Dataset content —
——

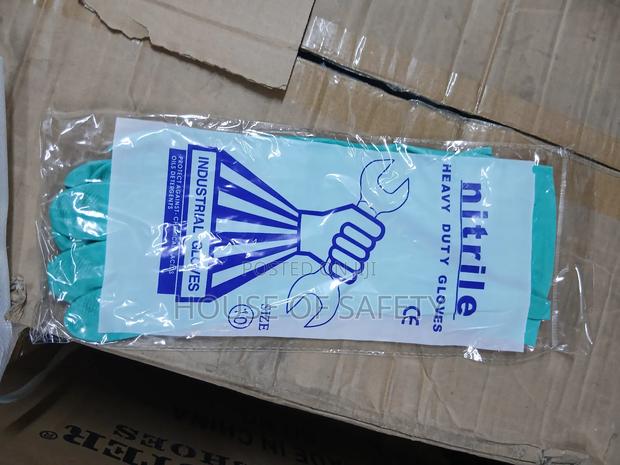Durable Functional Glove - thumbnail 2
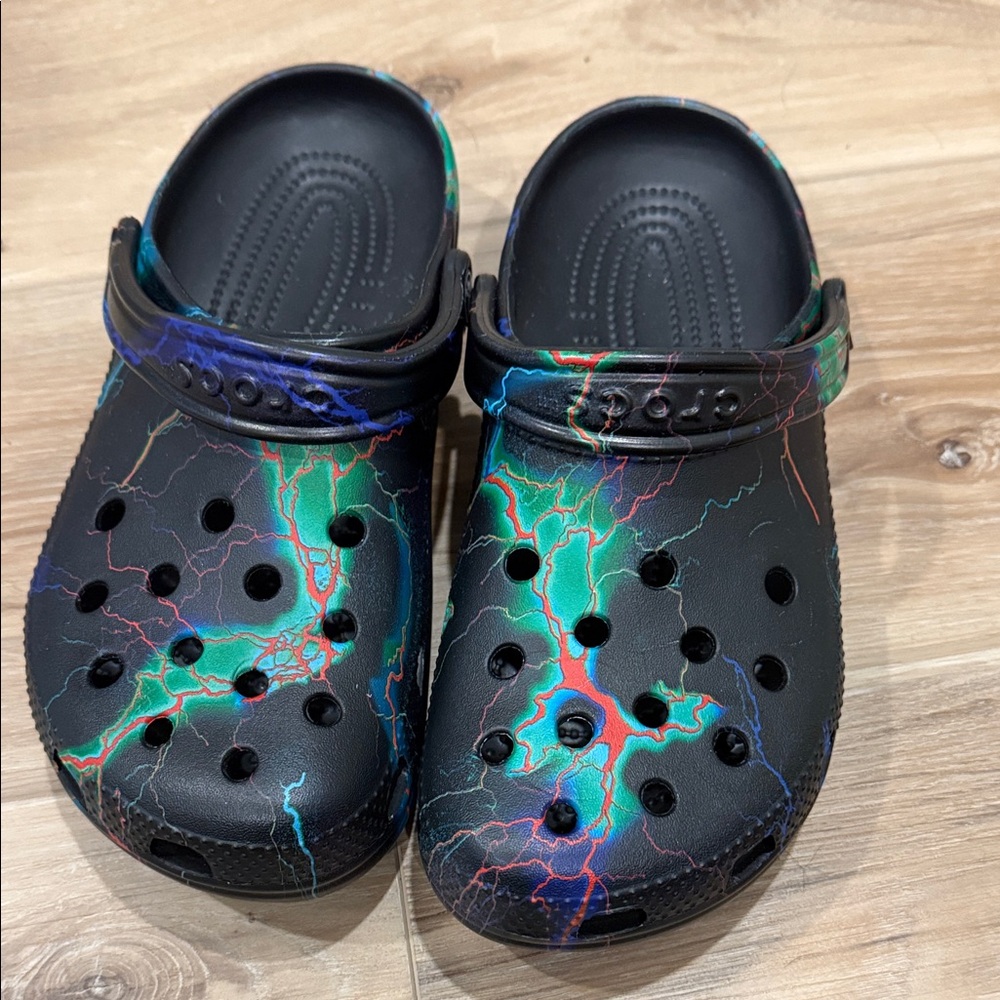 Crocs lightning Clogs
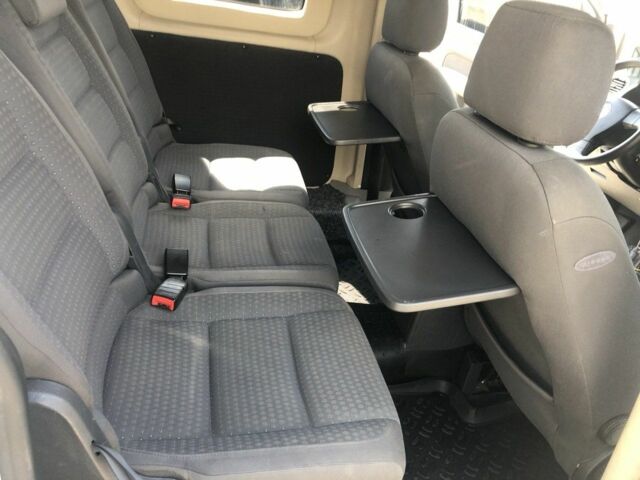 Белый Фольксваген Кадди, объемом двигателя 0 л и пробегом 358 тыс. км за 5800 $, фото 7 на Automoto.ua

——

Task statement — Your reply should hold every line above exactly as written and none of the pictures.

Response to this exercise —
Durable Functional Glove - thumbnail 2
 Crocs lightning Clogs
 Белый Фольксваген Кадди, объемом двигателя 0 л и пробегом 358 тыс. км за 5800 $, фото 7 на Automoto.ua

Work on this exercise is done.